◆ REQUIRED ACTION ◆
From the line with "Wood Furniture Legs" through the last line of the records below, both ends included, transcribe only those lines, exactly, and omit the pictures.

※ ※ ※

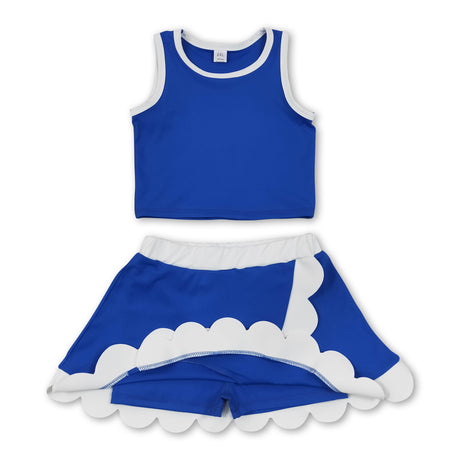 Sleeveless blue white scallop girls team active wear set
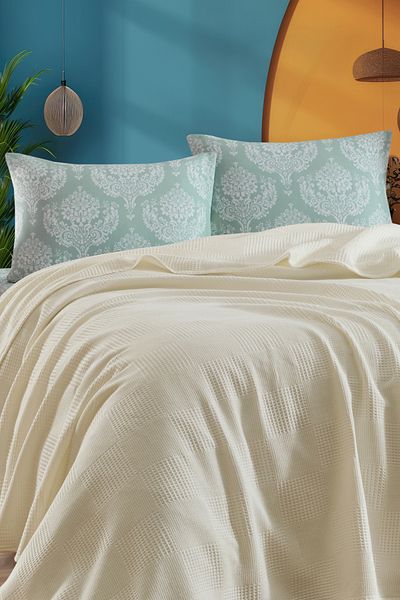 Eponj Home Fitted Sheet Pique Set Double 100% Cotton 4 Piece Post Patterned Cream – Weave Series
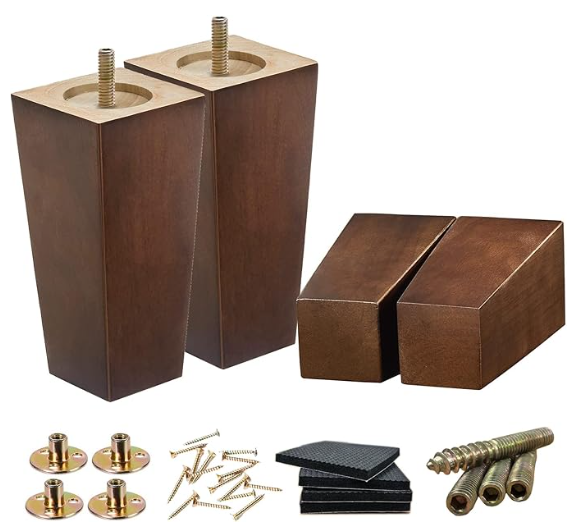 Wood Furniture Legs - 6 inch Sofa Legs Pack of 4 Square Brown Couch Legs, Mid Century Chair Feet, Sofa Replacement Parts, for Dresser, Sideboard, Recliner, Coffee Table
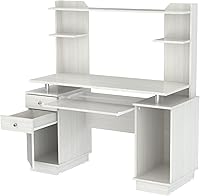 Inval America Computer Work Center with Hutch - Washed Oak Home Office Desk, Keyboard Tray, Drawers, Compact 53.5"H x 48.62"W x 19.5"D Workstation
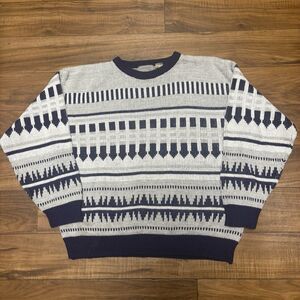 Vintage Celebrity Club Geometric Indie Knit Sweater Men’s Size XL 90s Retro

※ ※ ※

◆ REPLY ◆
 Wood Furniture Legs - 6 inch Sofa Legs Pack of 4 Square Brown Couch Legs, Mid Century Chair Feet, Sofa Replacement Parts, for Dresser, Sideboard, Recliner, Coffee Table
 Inval America Computer Work Center with Hutch - Washed Oak Home Office Desk, Keyboard Tray, Drawers, Compact 53.5"H x 48.62"W x 19.5"D Workstation
 Vintage Celebrity Club Geometric Indie Knit Sweater Men’s Size XL 90s Retro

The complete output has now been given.